If you are filing taxes for the first time, you’ll want to make sure that you are aware of the state and federal filing deadlines. In most years, taxes are due by April 15 of the following year.

If you file your tax return or make any payment for taxes owed after the tax filing date, you may be subject to penalties and/or interest. If you’re unsure about what you can and can’t afford — especially with taxes in the mix — a spending tracker app can help.

“It’s also a good idea to check your pay stubs periodically to ensure that the deductions being taken out are accurate and align with your financial goals,” says Brian Walsh, CFP® and Head of Advice & Planning at SoFi. “To make sure the appropriate amount of taxes are being withheld from each paycheck, you may also want to revisit your W-4 annually and make any adjustments as your circumstances change.”

When Are State Taxes Due for 2026?

State taxes are another of the types of taxes that are required for many taxpayers. While some states do not have any income tax, those who live in or earn income in one of the states that levies an income tax may be subject to state income tax.

Generally, state income tax filing deadlines follow the federal tax deadline of April 15, though some states have different deadlines.
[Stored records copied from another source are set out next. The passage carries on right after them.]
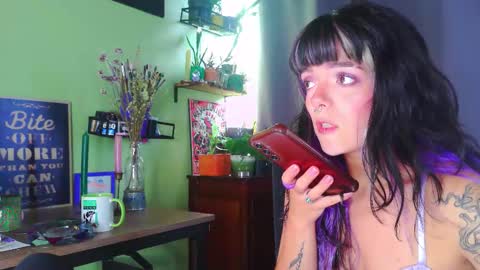 Snapshot of naughty_em_17 chatting on September 28, 4:34 pm Em please help me reach 100 thumbs up 3 online show from September 28, 4:34 pm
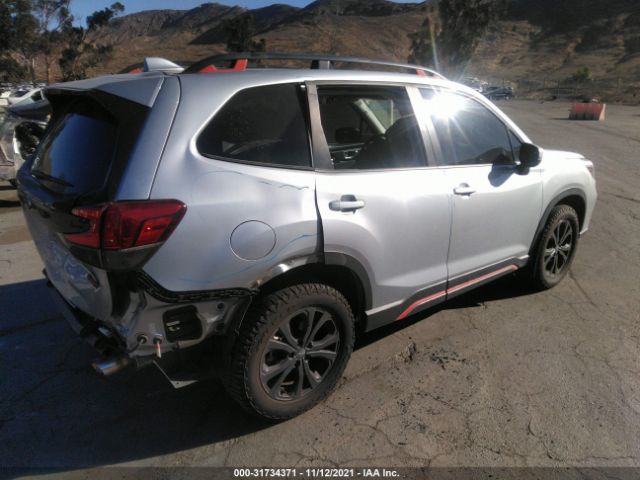 Photo 3 VIN: JF2SKAJC7KH483140 - SUBARU FORESTER 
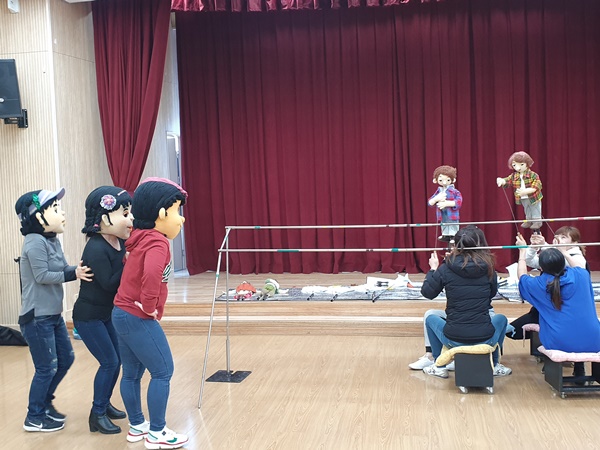 은하수인형극단 연습현장 04.04 <다문화가족 이해증진사업>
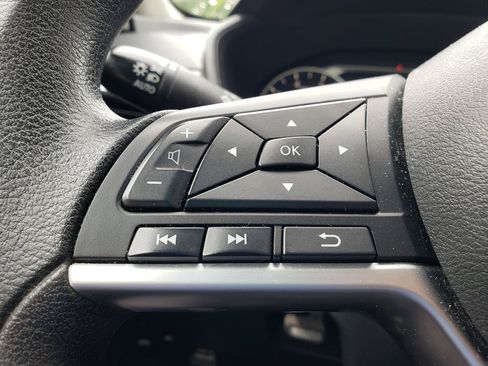 Used 2023 Nissan Altima 2.5 SV FWD image 18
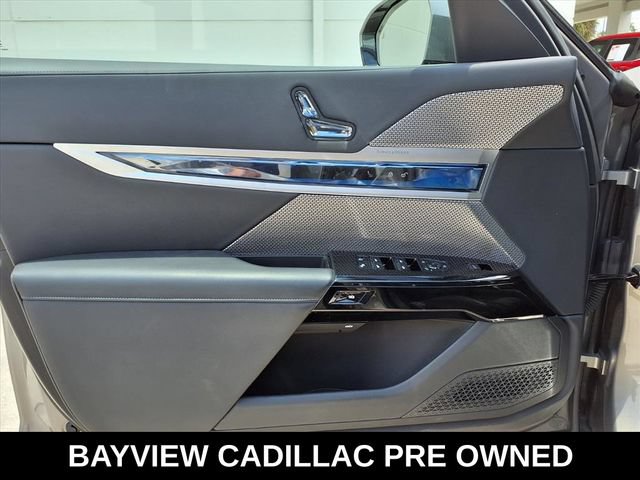 Used 2023 BMW 740i RWD image 15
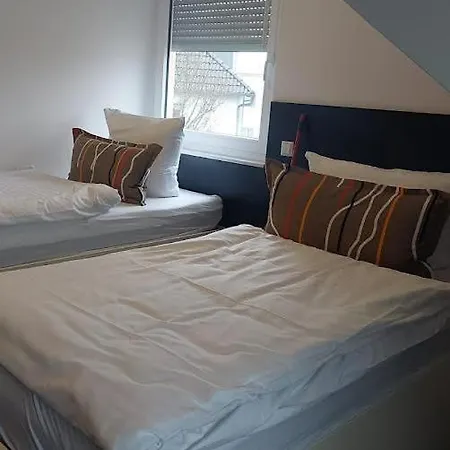 Am Wald 1 * Karlsruhe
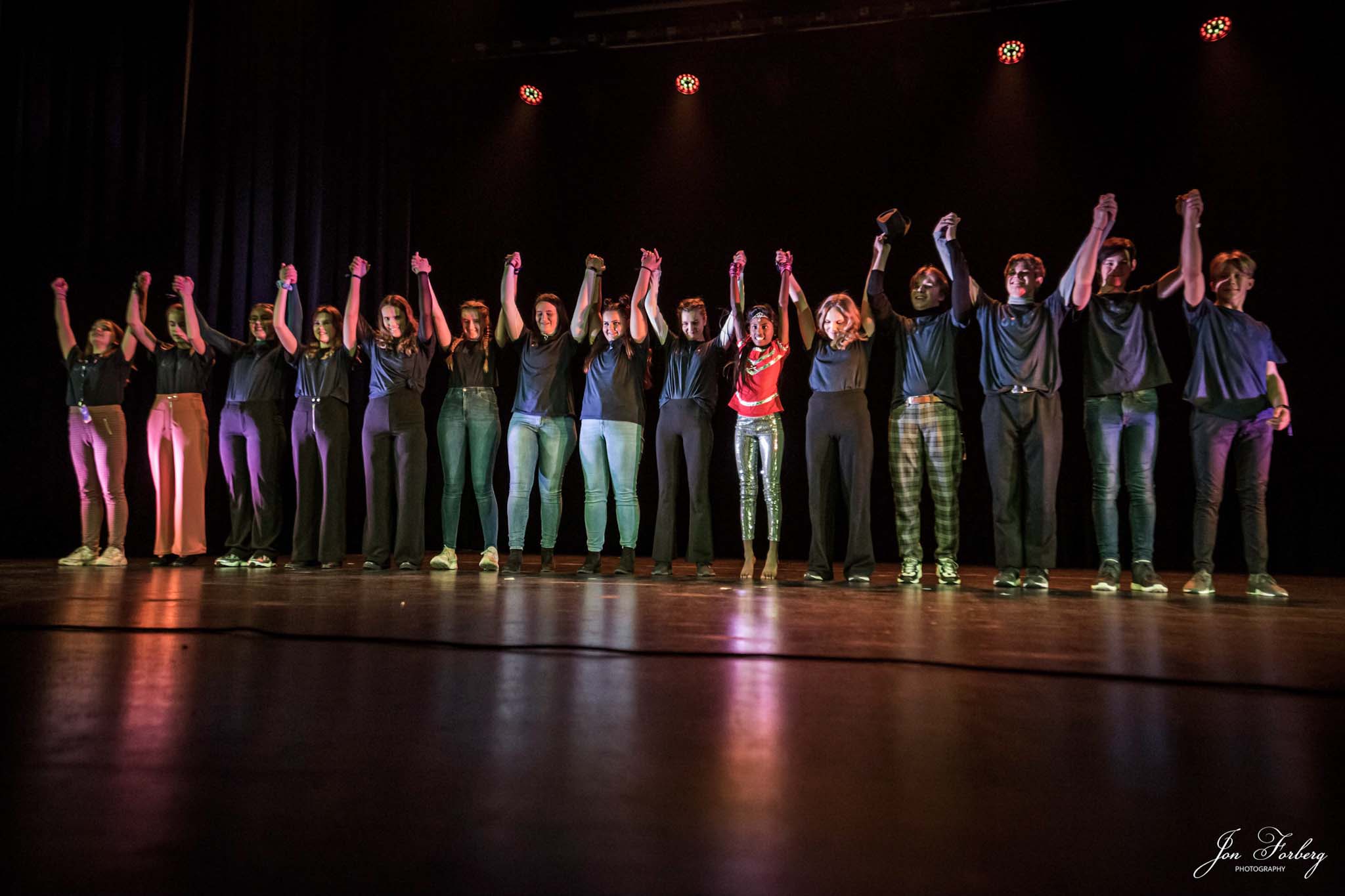 Rundt 90 ungdommer var i ilden på og bak scenen under UKM 2020. Her er det koferansierene som presenteres.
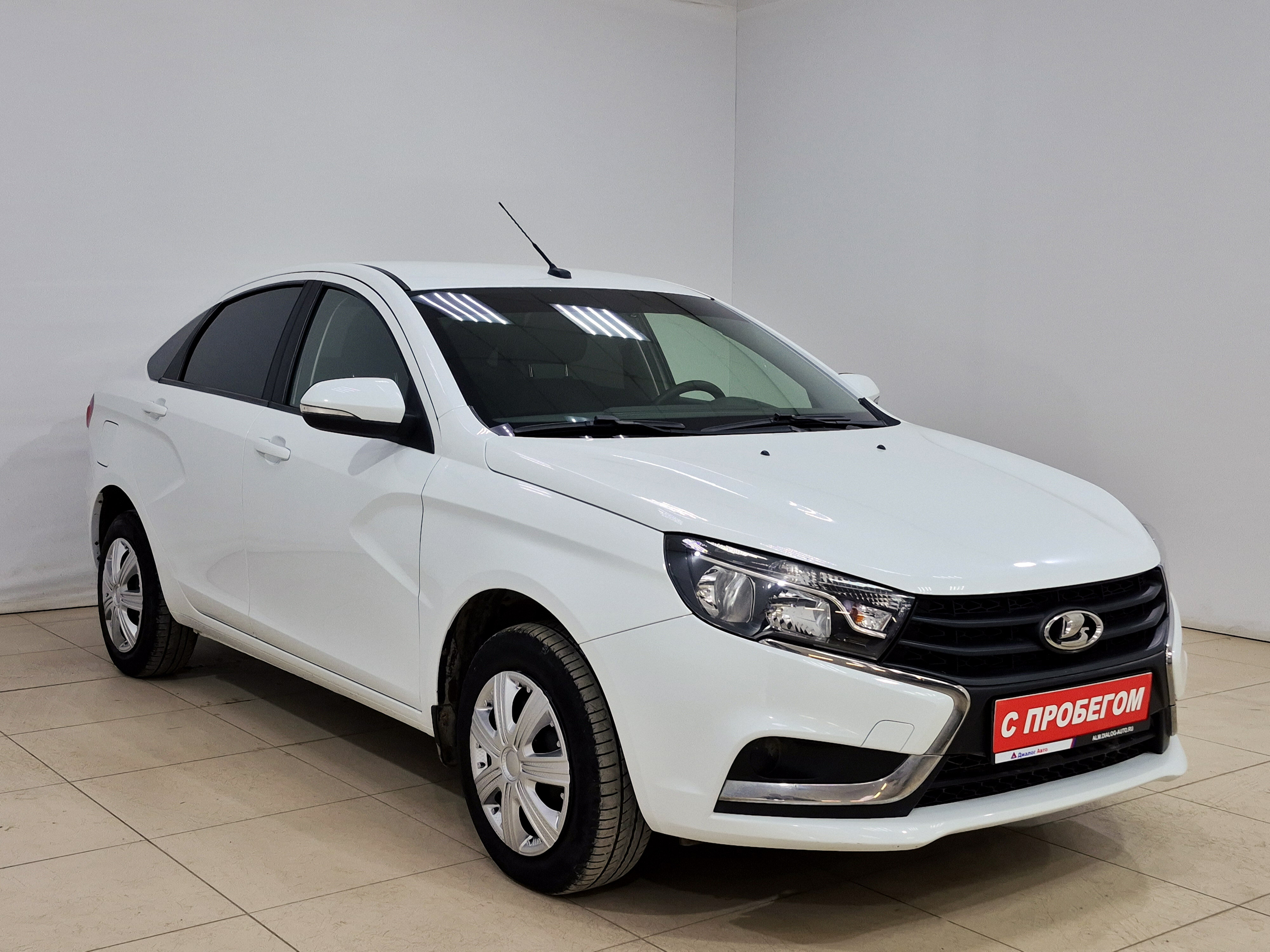 Lada (ВАЗ) Vesta Comfort, 2021 года, пробег 93873 км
For example, Iowa’s filing deadline is April 30, and Hawaii’s is April 20.

What Are the Other 2026 Tax Deadlines to Know?

In addition to the main federal tax filing deadline of April 15, here are other tax deadlines to be aware of:

•   January 15, 2026: 4th Quarter 2025 estimated taxes are due

•   February 2, 2026: Employers must send workers W-2 and 1099 forms

•   March 16, 2026: Tax returns are due for some business types. This may apply if you have taxes on investment property or certain other forms of business income.

•   April 15, 2026: 1st Quarter estimated taxes are due

•   June 15, 2026: 2nd Quarter estimated taxes are due

•   September 15, 2026: 3rd Quarter estimated taxes are due

•   October 15, 2026: Deadline to file your tax return if you filed an extension

•   January 15, 2027: 4th Quarter estimated taxes are due

Recommended: What Tax Bracket Am I In?

When Do You Mail in Your Tax Payment If You E-filed?

One of the most common tax filing mistakes can happen if you e-file your tax return and also owe tax. You might think that as long as your return has been filed by the deadline that it doesn’t matter when you mail in your tax payment. However, that is not the case.

The IRS is likely to assess a failure-to-pay penalty as well as interest on the amount owed if you do not pay by the filing deadline (generally April 15).

What Is the Tax Return Due Date for Filing Taxes With Extensions?

As you prepare for tax season, it’s important to understand that all taxpayers are eligible to file a free six-month extension. So the tax return due date for filing taxes with an extension is generally October 15.

It’s also important to understand that while an extension gives you six more months to file your return, it does not remove the requirement to pay any tax you owe by April 15. If you do not make a payment for at least the amount that you eventually owe, the IRS may assess penalties and/or interest on your balance.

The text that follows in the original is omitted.